“If we can winter this one out, we can summer anywhere.”
It’s been a common refrain in 2020, for many. It hasn’t just been our erstwhile Taoiseach that turned to Leaving Cert poetry to look for a faint glimmer of hope in what has been, to put it lightly, a bastard of a year.
Now, with cases resurgent on this island and across the continent, the spectre of further restrictions ever-looming and the evenings well and truly drawn in, it feels more and more like we’re back where we were in the depths of March and April. We wintered it out, and our reward is we get to winter anywhere. Once it’s within our own county.
Enter Stephen Kenny’s Ireland. The brave new hope, revolutionising Irish football from the ground up. Positive, determined, prepared. One point from his first two games, courtesy of a late Shane Duffy header, and many are already grinding the axe.
At any other time, this would be the dominant sporting (and otherwise) story of the week. It would be all we are talking about, pages of analysis dedicated to it, headlines screaming that Kenny MUST WIN to save his job, photos of the John Delaney-inspired Slovak train from almost a decade ago splashed all over social media.
But it’s not. The story of the week has been the same as it has been since March; Covid-19. The fact that Ireland are playing in one of their biggest games in the last few years, and the first competitive game since last November, is something that feels like it has just landed in our laps with hours to spare.
Maybe it’s because we are all just far too wrapped up in the pandemic to see anything outside it. Maybe sport doesn’t feel the same without people actually being present to witness it. Maybe it’s simply because Ireland are trying to qualify for a tournament that might not even happen after a year’s delay.
Irish football has a way of grasping the nation and dragging it from the depths of despair, or plunging it from an almighty height right back into that pit, like no other sport. The sad passing of Jack Charlton brought back memories of Italia ‘90 and other major tournaments, and reminded us of how they were more than a ball being kicked in a foreign land.
So, at a time when the nation needs a lift perhaps more than ever before in a lot of our lifetimes, we find a perfect opportunity placed in front of us. A crucial, competitive qualifier, with a couple of asterisks attached. A chance to forget about case numbers, 14-day incidence rates or the latest lie on Facebook you’ve been tagged in by your mate’s Aunt.

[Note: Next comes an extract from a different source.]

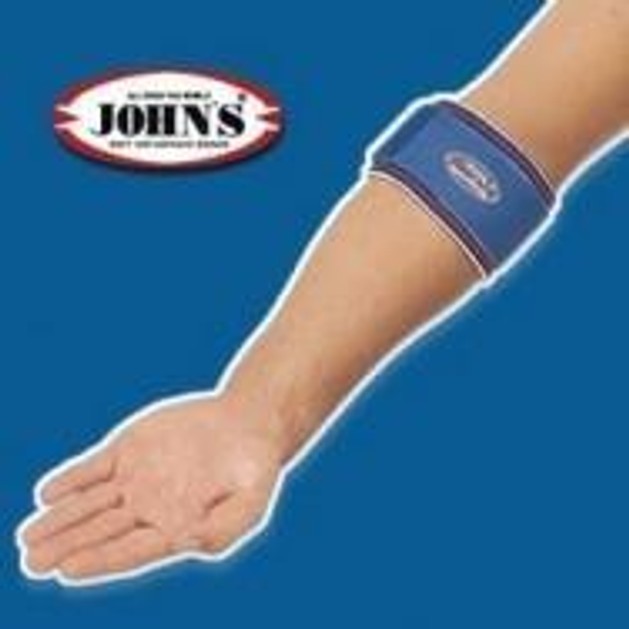 John\'s ΔΕΤΗΡΑΣ ΕΠΙΚΟΝΔΥΛΙΤΙΔΑΣ NEOPRENE one size 120170 John\'s ΔΕΤΗΡΑΣ ΕΠΙΚΟΝΔΥΛΙΤΙΔΑΣ NEOPRENE one size 120170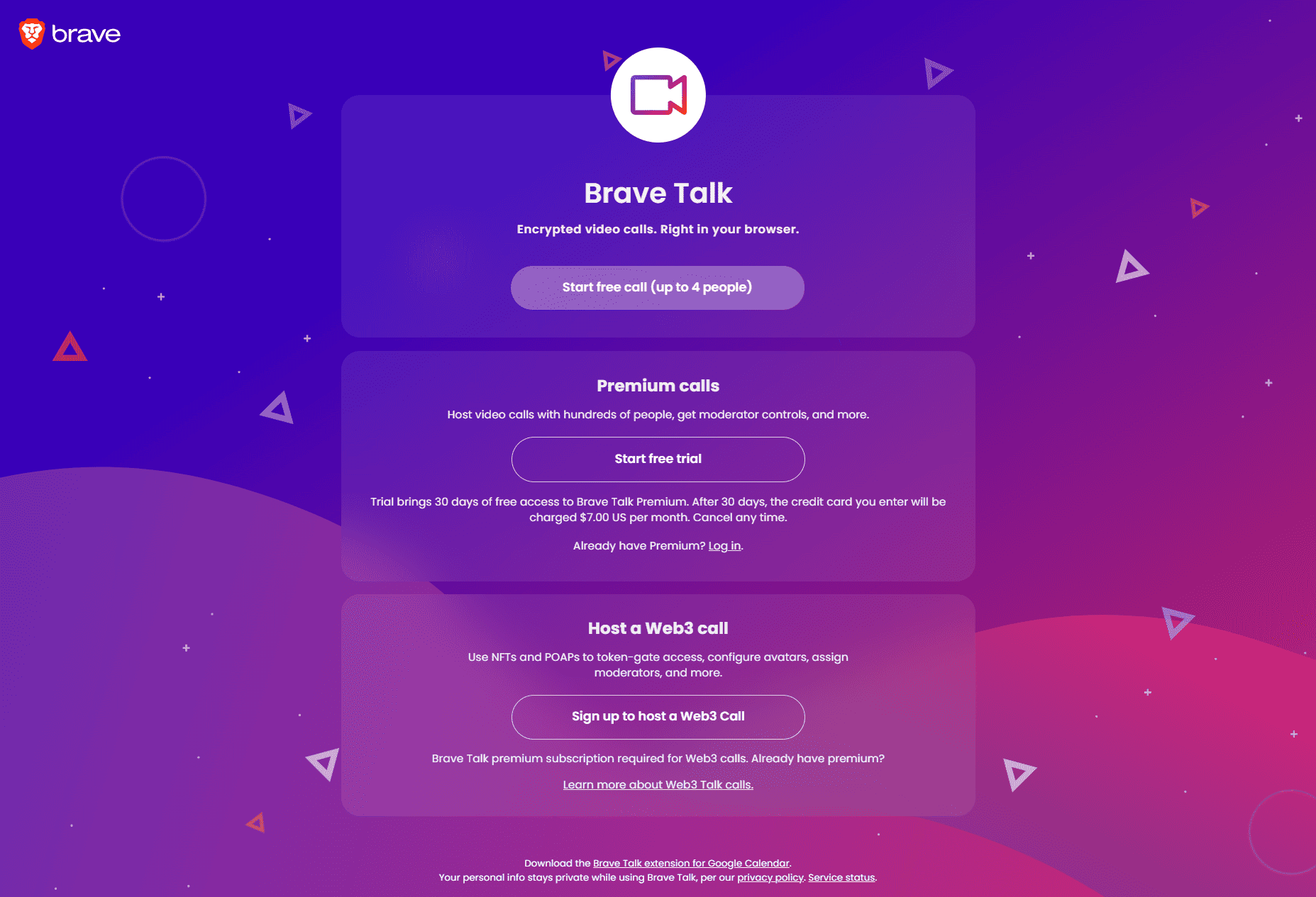 Brave Browser Review: A Bold Stand for Privacy in 2025? 4 Brave talk.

Whatever way it could play out; in the style of a James McLean last-ditch-tackle-turned-cross, a scrambled corner, a Hourihane free-kick or a rare piece of magic from a wing-back, we would snatch it with both hands. A bit of hope. Something to celebrate. A distraction.
It’s the same the other way around; a Hamsik header, a piece of slack defending at a corner, a through ball between our two centre backs or a simple slip on the Slovakian grass, to be honest I’ll take it. I’ll take any feeling other than what the last eight months has brought us. I will happily get swept up in an emotion not caused by the relentlessness of this pandemic, even if it is negative.
Because win or lose, this is what we all need. To be given the chance for two hours to be nervously waiting on a final whistle rather than a set of daily figures. To be anxious about Shane Duffy adapting to Kenny’s system rather than ICU numbers. To be fully and whole-heartedly invested in something outside of your own control that really doesn’t matter too much in the grand scheme of things.
Maybe those of us who have invested countless hours into playing and watching sport are finally realising what those who may not realise there’s a World Cup going on have always known; sport is largely meaningless. But isn’t that the beauty of it? I’m looking forward to getting worked up about something that doesn’t really mean anything. I’m excited to have my head in my hands watching the TV and it not be related to life and death. I can’t wait for George Hamilton to announce doom into my life rather than a news reader.
At a time when our emotional dial seems lodged somewhere between hopelessness and fury, why is an Irish football match the best thing in the world to be happening this evening? Well, we’ve gone from winter to winter plenty of times as Irish fans, we know the drill. We love it, we hate it. It’s a range of emotions we know all too well.
Thursday night will be great if we win. It will be bad if we lose. But it will be a distraction we’ve needed like never before. Bring it on.